» **DESCRIPTION OF THE TASK**
Each line from the beginning of the data below through the line containing "Bateau statique GALATEA / GLENLEE" should be repeated exactly, please.

» **TASK DATA**
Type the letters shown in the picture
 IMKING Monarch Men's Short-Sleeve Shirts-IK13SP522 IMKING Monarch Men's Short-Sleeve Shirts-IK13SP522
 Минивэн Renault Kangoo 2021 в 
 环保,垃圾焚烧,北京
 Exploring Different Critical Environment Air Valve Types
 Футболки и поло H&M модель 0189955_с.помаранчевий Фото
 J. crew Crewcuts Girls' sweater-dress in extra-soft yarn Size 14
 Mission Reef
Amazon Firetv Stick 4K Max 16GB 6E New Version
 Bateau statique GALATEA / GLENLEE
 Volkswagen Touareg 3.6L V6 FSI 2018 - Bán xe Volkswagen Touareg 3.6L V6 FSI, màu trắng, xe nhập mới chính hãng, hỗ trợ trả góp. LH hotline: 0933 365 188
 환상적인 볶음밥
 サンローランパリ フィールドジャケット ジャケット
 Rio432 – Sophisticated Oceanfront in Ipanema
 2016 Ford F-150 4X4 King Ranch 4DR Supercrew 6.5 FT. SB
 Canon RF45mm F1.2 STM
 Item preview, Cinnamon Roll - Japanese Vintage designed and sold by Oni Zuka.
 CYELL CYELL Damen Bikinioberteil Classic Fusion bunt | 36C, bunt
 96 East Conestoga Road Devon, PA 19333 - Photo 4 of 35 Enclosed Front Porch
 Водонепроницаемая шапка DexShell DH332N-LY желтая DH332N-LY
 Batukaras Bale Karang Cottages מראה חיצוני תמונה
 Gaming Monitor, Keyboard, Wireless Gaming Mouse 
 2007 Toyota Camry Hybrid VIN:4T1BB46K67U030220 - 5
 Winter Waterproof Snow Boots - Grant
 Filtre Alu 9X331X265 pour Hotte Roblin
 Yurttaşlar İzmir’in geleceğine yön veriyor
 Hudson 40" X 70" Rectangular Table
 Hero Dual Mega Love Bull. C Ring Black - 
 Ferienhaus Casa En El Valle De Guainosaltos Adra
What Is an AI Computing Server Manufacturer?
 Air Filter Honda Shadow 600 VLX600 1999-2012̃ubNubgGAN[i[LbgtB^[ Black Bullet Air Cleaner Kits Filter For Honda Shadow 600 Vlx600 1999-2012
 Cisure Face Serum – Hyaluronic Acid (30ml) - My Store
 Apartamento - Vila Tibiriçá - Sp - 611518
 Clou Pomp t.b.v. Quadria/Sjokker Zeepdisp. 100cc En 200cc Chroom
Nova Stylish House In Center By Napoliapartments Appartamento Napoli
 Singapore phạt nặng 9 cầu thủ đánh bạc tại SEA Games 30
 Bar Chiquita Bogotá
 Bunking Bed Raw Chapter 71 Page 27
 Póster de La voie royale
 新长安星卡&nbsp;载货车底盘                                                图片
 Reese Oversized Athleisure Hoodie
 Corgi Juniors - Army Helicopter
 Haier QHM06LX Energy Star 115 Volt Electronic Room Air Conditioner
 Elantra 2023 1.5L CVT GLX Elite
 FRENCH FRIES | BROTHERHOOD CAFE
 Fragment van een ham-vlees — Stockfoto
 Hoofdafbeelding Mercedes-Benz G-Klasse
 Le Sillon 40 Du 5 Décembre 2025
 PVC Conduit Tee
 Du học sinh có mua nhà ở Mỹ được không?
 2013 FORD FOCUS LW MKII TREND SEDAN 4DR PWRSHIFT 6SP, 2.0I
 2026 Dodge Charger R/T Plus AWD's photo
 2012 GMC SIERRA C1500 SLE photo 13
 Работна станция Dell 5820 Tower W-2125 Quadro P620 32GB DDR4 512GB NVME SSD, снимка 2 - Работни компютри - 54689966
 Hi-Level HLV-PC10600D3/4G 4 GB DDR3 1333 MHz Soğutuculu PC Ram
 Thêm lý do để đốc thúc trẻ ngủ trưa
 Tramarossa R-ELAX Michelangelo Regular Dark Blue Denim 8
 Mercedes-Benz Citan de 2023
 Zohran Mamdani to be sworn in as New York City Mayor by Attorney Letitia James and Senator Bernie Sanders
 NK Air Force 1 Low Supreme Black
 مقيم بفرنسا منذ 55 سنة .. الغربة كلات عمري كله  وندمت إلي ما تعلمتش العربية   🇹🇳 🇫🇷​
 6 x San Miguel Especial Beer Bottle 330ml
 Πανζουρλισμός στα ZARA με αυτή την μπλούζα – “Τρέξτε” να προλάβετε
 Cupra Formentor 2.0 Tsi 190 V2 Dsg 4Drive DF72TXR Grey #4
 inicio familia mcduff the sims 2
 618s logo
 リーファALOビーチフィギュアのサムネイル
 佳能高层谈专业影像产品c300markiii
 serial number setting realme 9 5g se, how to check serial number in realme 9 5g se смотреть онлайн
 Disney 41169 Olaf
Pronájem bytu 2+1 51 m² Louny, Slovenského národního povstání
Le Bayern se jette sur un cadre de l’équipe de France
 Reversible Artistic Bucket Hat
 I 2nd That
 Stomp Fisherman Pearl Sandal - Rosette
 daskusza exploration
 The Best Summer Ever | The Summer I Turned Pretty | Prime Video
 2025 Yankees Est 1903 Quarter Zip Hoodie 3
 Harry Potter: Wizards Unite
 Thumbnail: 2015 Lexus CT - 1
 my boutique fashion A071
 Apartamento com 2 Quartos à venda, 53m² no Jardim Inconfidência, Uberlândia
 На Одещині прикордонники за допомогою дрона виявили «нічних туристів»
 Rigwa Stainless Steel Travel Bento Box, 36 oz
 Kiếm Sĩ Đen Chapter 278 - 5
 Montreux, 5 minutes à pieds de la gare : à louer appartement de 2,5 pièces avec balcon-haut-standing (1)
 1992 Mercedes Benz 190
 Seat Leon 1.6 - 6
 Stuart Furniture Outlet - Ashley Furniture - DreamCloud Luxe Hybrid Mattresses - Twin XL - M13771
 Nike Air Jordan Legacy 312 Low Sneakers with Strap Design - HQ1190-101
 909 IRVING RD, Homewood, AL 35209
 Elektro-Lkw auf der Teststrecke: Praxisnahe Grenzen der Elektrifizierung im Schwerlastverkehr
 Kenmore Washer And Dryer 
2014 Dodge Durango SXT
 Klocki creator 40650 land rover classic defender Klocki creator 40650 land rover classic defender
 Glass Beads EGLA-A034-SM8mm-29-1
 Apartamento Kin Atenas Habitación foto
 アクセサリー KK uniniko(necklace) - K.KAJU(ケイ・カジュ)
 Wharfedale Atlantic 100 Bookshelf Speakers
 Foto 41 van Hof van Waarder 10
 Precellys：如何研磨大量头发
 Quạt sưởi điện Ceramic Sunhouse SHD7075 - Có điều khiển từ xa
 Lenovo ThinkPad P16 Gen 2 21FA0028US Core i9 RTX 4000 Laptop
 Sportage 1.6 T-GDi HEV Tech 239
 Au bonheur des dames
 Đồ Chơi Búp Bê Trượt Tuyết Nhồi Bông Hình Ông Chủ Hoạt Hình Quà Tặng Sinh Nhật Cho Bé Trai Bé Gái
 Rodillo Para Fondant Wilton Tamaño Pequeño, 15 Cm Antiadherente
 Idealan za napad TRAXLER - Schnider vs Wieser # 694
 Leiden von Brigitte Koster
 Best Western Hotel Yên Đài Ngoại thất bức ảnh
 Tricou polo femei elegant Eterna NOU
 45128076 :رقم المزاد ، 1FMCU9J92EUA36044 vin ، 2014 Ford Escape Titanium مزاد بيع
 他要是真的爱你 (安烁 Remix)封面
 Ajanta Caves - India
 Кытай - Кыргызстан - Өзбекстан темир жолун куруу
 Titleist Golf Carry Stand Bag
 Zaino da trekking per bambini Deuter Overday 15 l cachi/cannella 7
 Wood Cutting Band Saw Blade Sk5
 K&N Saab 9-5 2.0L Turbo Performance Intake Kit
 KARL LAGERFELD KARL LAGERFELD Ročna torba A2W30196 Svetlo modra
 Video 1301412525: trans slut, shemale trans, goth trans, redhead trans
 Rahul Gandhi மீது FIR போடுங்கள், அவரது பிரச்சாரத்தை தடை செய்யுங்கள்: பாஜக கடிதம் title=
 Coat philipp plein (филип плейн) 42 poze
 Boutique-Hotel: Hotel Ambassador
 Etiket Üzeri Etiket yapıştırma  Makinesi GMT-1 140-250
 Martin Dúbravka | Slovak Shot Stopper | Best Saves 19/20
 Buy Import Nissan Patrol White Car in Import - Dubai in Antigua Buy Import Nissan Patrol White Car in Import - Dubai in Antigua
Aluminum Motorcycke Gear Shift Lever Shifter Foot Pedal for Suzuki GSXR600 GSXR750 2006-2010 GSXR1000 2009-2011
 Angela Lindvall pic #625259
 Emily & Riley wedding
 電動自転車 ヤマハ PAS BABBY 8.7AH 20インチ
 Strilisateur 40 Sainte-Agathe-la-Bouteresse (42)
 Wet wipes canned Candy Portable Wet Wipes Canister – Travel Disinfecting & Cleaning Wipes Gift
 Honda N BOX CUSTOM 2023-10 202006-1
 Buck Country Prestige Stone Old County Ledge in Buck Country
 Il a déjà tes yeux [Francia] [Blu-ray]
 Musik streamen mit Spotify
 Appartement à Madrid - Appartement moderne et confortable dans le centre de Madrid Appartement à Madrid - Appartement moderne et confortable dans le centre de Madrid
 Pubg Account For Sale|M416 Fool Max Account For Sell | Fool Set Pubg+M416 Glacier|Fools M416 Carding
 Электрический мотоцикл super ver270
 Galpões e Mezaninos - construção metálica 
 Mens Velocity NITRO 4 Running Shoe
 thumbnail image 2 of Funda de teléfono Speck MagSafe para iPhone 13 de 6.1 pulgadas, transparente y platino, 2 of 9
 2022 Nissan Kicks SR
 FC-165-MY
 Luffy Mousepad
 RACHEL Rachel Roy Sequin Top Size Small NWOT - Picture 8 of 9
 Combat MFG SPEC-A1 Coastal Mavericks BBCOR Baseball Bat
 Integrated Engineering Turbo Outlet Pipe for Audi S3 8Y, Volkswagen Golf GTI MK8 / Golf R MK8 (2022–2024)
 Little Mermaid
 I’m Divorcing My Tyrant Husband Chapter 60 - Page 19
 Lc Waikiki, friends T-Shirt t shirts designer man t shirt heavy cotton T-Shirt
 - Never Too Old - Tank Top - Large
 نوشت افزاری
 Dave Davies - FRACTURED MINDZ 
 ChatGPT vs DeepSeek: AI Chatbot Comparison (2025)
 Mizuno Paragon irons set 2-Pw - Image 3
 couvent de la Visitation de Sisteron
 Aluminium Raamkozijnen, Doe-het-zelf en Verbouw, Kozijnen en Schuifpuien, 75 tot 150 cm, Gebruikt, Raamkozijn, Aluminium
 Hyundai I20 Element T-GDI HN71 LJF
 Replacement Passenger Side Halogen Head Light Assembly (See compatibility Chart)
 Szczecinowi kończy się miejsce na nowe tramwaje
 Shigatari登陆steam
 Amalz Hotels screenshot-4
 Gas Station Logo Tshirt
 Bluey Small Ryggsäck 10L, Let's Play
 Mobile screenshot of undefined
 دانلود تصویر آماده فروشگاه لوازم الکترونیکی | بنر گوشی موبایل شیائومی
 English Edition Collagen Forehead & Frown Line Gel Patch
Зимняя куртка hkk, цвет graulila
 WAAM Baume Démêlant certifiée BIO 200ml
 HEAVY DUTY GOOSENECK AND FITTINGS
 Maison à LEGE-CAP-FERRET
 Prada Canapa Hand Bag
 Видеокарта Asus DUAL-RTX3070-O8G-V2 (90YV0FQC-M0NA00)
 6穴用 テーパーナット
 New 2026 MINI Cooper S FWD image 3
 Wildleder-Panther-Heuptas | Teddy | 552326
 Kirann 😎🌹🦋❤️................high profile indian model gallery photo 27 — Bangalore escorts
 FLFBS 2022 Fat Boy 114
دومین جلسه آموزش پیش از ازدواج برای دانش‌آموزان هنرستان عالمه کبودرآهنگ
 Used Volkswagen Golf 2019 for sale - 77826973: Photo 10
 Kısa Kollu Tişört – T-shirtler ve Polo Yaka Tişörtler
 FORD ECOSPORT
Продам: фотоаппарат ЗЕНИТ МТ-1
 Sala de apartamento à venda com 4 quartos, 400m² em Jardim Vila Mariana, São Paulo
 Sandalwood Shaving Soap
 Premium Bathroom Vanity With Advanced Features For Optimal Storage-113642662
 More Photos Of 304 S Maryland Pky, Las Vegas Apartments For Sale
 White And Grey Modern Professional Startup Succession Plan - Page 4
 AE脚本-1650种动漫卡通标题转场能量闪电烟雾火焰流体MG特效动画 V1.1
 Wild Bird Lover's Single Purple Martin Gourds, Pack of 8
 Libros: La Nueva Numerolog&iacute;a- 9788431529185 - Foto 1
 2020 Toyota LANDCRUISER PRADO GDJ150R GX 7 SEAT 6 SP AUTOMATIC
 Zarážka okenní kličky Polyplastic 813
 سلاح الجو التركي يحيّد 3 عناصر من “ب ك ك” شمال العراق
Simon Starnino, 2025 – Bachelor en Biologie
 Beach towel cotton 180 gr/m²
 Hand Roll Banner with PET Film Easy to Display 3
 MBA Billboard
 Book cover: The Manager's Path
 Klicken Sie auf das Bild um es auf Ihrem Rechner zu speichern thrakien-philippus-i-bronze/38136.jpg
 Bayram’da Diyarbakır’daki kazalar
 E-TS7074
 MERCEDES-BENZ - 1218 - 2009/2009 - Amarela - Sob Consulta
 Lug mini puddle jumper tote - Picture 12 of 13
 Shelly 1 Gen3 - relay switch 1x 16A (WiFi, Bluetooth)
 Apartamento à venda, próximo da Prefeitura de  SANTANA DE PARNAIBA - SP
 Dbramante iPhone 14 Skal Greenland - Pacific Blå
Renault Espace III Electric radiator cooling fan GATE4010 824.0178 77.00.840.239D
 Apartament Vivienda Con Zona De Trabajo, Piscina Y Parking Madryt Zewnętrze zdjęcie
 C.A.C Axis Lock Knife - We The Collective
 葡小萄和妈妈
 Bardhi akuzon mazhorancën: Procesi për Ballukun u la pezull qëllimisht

» **EXERCISE ANSWER**
Type the letters shown in the picture
 IMKING Monarch Men's Short-Sleeve Shirts-IK13SP522 IMKING Monarch Men's Short-Sleeve Shirts-IK13SP522
 Минивэн Renault Kangoo 2021 в 
 环保,垃圾焚烧,北京
 Exploring Different Critical Environment Air Valve Types
 Футболки и поло H&M модель 0189955_с.помаранчевий Фото
 J. crew Crewcuts Girls' sweater-dress in extra-soft yarn Size 14
 Mission Reef
Amazon Firetv Stick 4K Max 16GB 6E New Version
 Bateau statique GALATEA / GLENLEE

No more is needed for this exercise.